Secondaries, Founder Liquidity & SAFEs: Inside the Evolving Deal Terms Q2 2025

Several structural shifts are shaping the way capital flows in 2025:

  • Founder preferred stock is on the rise, featured in nearly 11% of companies that closed priced equity rounds in H1, up from 6% in 2023. These provisions often support tax-efficient founder liquidity structuring and may signal that founders anticipate longer timelines to exit.
  • Secondary deals are gaining traction, with nearly 29% of such transactions priced at a premium to the last preferred round’s price. While average tranche sizes remain modest ($1.2 million–$1.4 million), sentiment is improving. Companies founded in 2020 are driving much of this activity, likely due to early employee equity vesting schedules and QSBS timelines.
  • SAFEs now dominate pre-seed deals, where they are used in over 91% of investments.
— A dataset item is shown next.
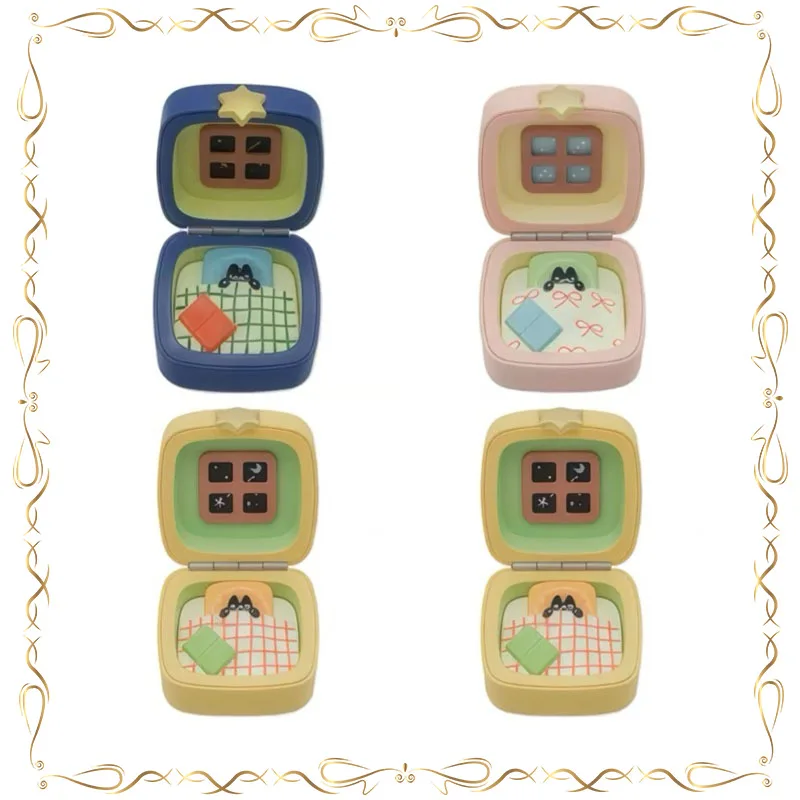 

Thumb Cat Sleep Treasure Box Kitten Good Night Sleep Ornament Gashapon Collectible Model Toy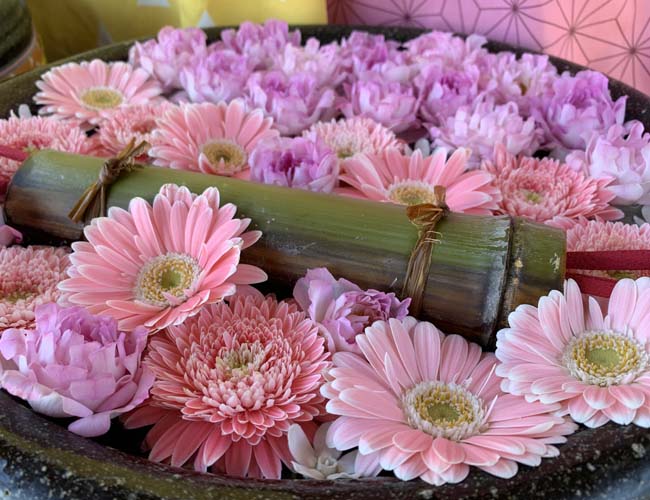 鬼滅の花手水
Cap-only SAFEs remain the preferred structure, but valuation caps are tightening, especially for large SAFEs over $5M, where median caps dropped by over 30% quarter-over-quarter. Convertible notes are also declining in valuation caps and usage.

Key Takeaway: With longer timelines and shifting leverage, deal terms are evolving to meet the moment. Founders and investors alike are finding creative ways to balance liquidity, risk, and growth.